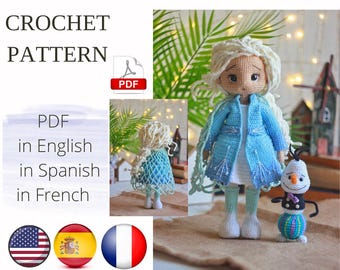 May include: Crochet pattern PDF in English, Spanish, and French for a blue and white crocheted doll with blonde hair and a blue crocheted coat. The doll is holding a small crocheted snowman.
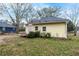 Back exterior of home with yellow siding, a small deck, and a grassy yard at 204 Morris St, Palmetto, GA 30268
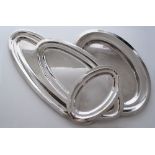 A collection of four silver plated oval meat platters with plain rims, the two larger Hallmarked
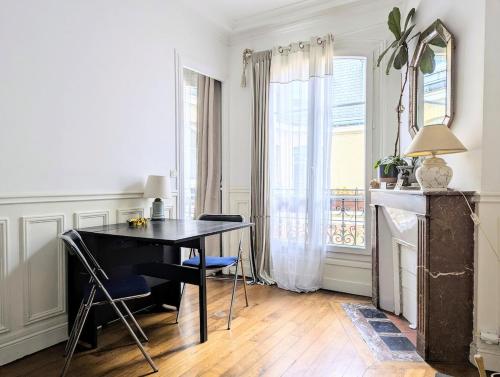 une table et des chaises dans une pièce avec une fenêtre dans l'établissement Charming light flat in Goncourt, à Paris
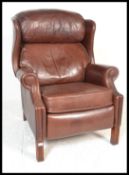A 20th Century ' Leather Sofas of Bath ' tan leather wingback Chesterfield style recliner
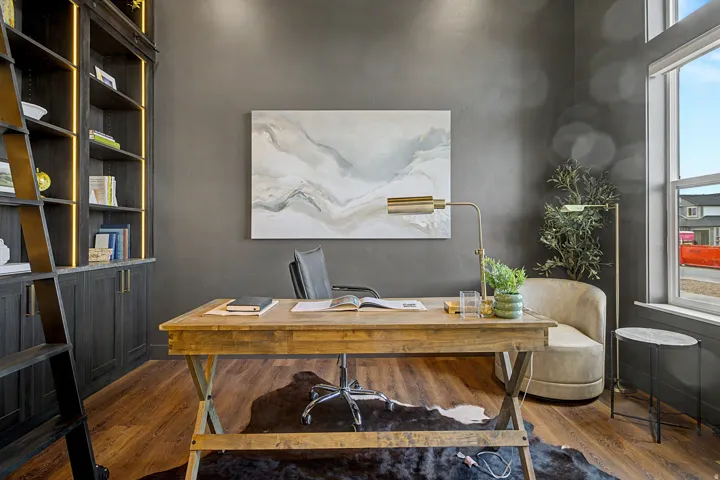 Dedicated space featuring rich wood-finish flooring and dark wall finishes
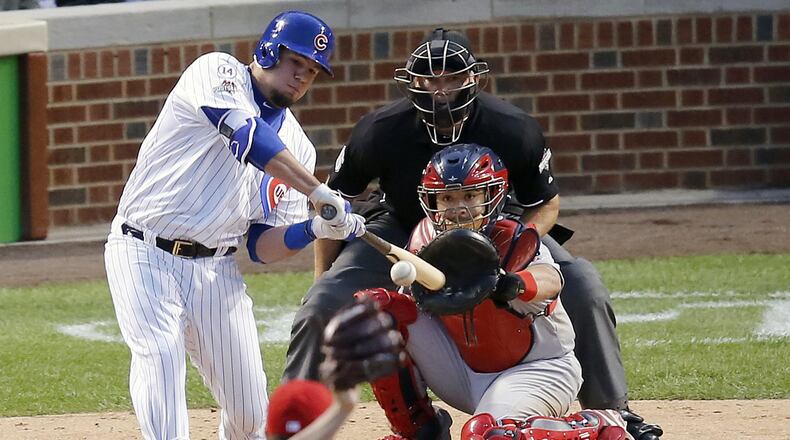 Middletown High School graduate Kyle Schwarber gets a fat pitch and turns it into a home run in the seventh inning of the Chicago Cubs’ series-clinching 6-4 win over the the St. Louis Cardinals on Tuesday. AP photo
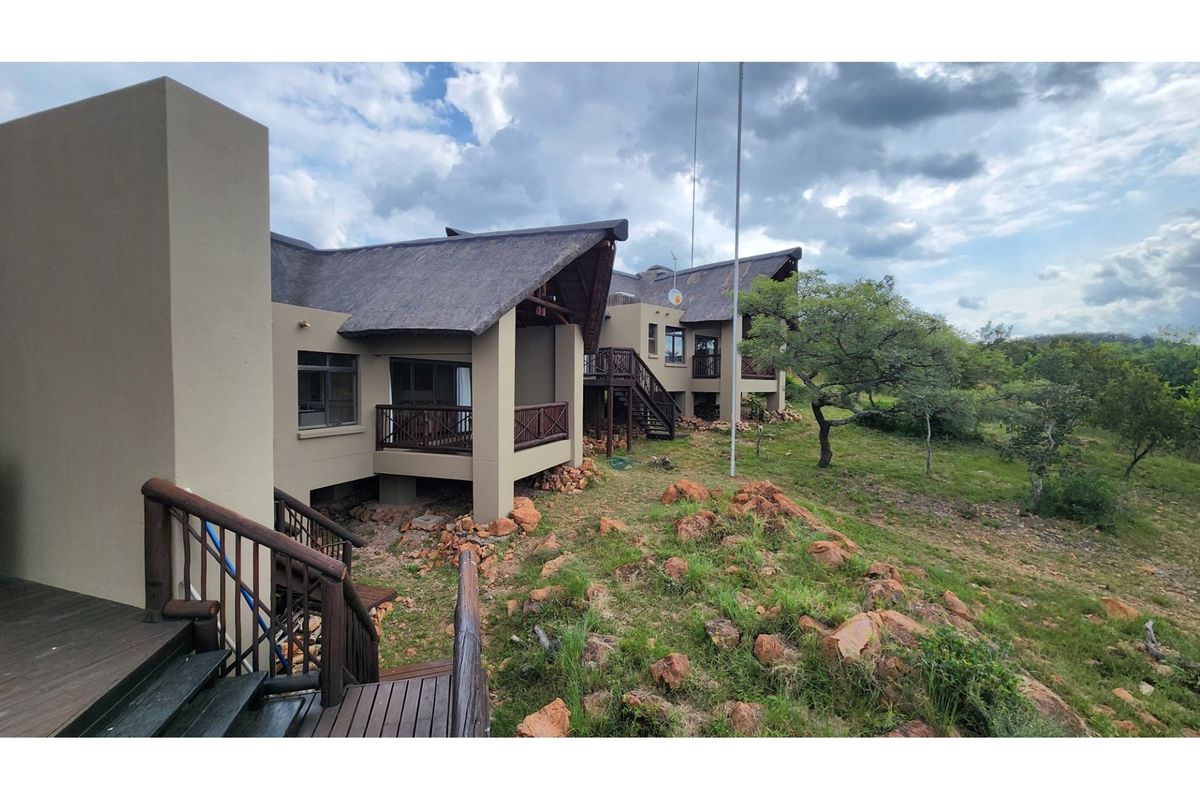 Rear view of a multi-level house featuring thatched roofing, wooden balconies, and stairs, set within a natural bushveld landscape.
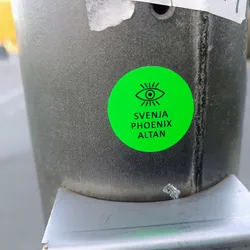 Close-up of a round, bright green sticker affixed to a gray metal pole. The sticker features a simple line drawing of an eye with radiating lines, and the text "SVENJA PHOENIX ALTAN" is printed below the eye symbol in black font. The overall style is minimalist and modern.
****************************************
## TASK OBJECTIVE
Reproduce the opening lines of the material above exactly, ending with the line that contains "Dedicated space featuring". Omit every picture.

## ANSWER AREA
 May include: Crochet pattern PDF in English, Spanish, and French for a blue and white crocheted doll with blonde hair and a blue crocheted coat. The doll is holding a small crocheted snowman.
 Back exterior of home with yellow siding, a small deck, and a grassy yard at 204 Morris St, Palmetto, GA 30268
 A collection of four silver plated oval meat platters with plain rims, the two larger Hallmarked
 une table et des chaises dans une pièce avec une fenêtre dans l'établissement Charming light flat in Goncourt, à Paris
A 20th Century ' Leather Sofas of Bath ' tan leather wingback Chesterfield style recliner
 Dedicated space featuring rich wood-finish flooring and dark wall finishes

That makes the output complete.